Elton John unsuccessfully sued The Guardian for libel in relation to Hyde's spoof diary column "A peek at the diary of... 'Sir Elton John'", published in July 2008.[7]Mr Justice Tugendhat ruled that the "irony" and "teasing" did not amount to defamation.[8] Hyde published a follow-up diary of Elton John in 2009.[9]
In November 2011, The Guardian apologised to The Sun newspaper for an article in which Hyde had falsely alleged the newspaper had visited the home of a member of the legal team of the Leveson Inquiry. In the front-page story Hyde had accused The Sun of "blowing a giant raspberry at Lord Justice Leveson’s inquiry".[10][11]The Sun's then[12]managing editor Richard Caseby sent a toilet roll accompanied by "a squalid note" to the then Guardian editor Alan Rusbridger after Hyde's false story.[13]
A few months later, Caseby once again objected to an article by Hyde in which, according to Roy Greenslade, she was "employing irony",[14] in a reference to Page 3 models following a comment on Twitter by Rupert Murdoch and the use by The Sun of a photograph of model Reeva Steenkamp in a bikini, on the day after her murder.[15] Caseby objected to the article,[16] and complained to The Guardian's readers' editor, but his complaint was the only one received.[17][relevant?]
Hyde received two awards from the Sports Journalists' Association (SJA) in February 2020, including Sports Journalist of the Year, the first woman to receive the award in its 43-year history. The other award was for Sports Columnist of the Year. She had written columns during the year on Prime Minister Theresa May’s decision to award a knighthood to Geoff Boycott, Tiger Woods’s performance at the 2019 Masters, and male responses to the FIFA Women's World Cup that year.[18]

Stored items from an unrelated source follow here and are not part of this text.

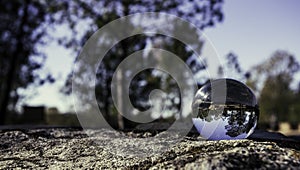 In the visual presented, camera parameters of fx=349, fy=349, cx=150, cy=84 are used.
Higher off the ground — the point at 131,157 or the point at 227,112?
the point at 227,112

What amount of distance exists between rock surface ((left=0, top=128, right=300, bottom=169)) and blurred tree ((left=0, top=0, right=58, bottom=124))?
8.02m

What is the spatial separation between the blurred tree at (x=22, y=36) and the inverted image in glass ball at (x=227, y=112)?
9041 mm

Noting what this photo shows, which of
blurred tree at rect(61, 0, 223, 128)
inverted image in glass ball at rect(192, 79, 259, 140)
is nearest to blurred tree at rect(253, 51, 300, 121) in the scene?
blurred tree at rect(61, 0, 223, 128)

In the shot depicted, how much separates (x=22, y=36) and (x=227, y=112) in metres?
9.87

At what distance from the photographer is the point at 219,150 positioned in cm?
283

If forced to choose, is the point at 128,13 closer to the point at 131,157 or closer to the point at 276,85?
the point at 131,157

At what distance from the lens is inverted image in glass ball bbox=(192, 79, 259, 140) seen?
139 inches

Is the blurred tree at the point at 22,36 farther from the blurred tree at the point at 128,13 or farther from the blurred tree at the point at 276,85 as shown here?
the blurred tree at the point at 276,85

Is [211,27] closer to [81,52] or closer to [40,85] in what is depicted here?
[81,52]

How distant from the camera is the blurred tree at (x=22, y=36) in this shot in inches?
462

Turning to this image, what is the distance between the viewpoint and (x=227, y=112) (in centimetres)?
354

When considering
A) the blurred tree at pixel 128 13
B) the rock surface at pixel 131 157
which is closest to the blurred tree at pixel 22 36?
the blurred tree at pixel 128 13

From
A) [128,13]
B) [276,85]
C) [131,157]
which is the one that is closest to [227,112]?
[131,157]

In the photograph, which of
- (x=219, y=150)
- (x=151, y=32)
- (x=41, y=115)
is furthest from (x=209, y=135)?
(x=41, y=115) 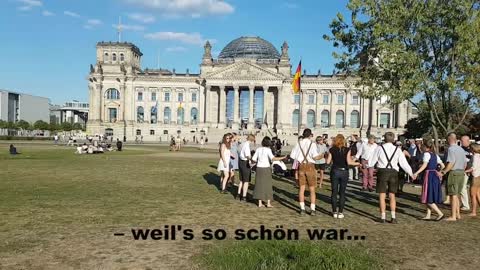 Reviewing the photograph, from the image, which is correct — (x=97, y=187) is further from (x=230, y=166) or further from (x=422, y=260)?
(x=422, y=260)

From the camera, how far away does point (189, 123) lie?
10756 cm

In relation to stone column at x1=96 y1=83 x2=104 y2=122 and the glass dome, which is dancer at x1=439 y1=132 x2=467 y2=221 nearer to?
stone column at x1=96 y1=83 x2=104 y2=122

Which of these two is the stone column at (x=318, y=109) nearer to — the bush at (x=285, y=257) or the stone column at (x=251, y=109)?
the stone column at (x=251, y=109)

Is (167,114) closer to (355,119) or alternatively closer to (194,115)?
(194,115)

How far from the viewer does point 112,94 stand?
355ft

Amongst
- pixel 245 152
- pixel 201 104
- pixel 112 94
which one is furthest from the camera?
pixel 112 94

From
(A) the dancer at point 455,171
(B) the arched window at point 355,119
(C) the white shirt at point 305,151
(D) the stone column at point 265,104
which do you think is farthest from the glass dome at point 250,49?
(A) the dancer at point 455,171

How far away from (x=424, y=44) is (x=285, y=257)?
48.4 feet

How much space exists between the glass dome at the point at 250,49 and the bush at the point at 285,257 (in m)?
108

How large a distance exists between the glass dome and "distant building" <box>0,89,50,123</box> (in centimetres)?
8852

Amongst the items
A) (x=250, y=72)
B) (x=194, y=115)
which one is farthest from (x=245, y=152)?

Hyde has won awards for her journalism. In 2017 she was named Political Commentator of the Year at the Editorial Intelligence Comment Awards, as well as winning the Commentariat of the Year Award.[19] At the 2018 Editorial Intelligence Comment Awards, she received the Commentator of the Year award. In 2019, she won Political Commentator of the Year at the National Press Awards.[20] Also in 2019, she received the Columnist of the Year award at the British Journalism Awards.[21] She won the same award again at the British Journalism Awards in 2020.[22] Also in 2020, she became the first woman ever to win the Sports Journalist of the Year award at the British Sports Journalism Awards. At the same event, she also won Sports Columnist of the Year.[18] In 2020 Hyde won the London Press Club's Edgar Wallace Award for writing or reporting of the highest quality.[23]
Other work
Hyde's book about celebrity, Celebrity: How Entertainers Took Over the World and Why We Need an Exit Strategy, was published in 2009.[24]What Just Happened?!, a collection of her Guardian columns written between 2016 and 2022, was published in 2022.[25] She helped prepare and proof read Piers Morgan's The Insider: The Private Diaries of a Scandalous Decade,[26] in the acknowledgments of which she is described as Morgan's "best friend".
In 2022, Hyde was hired as a writing executive producer on an HBO pilot originating from director Sam Mendes about the process of superhero filmmaking in Hollywood. The TV series is entitled The Franchise.[28] The series premiered on October 6, 2024.
In 1999, Hyde married Kieran Clifton, a director at the BBC.[30][31][32] The couple had their first child in 2010 and live in London.[32] Their third child was born in the summer of 2014.[33]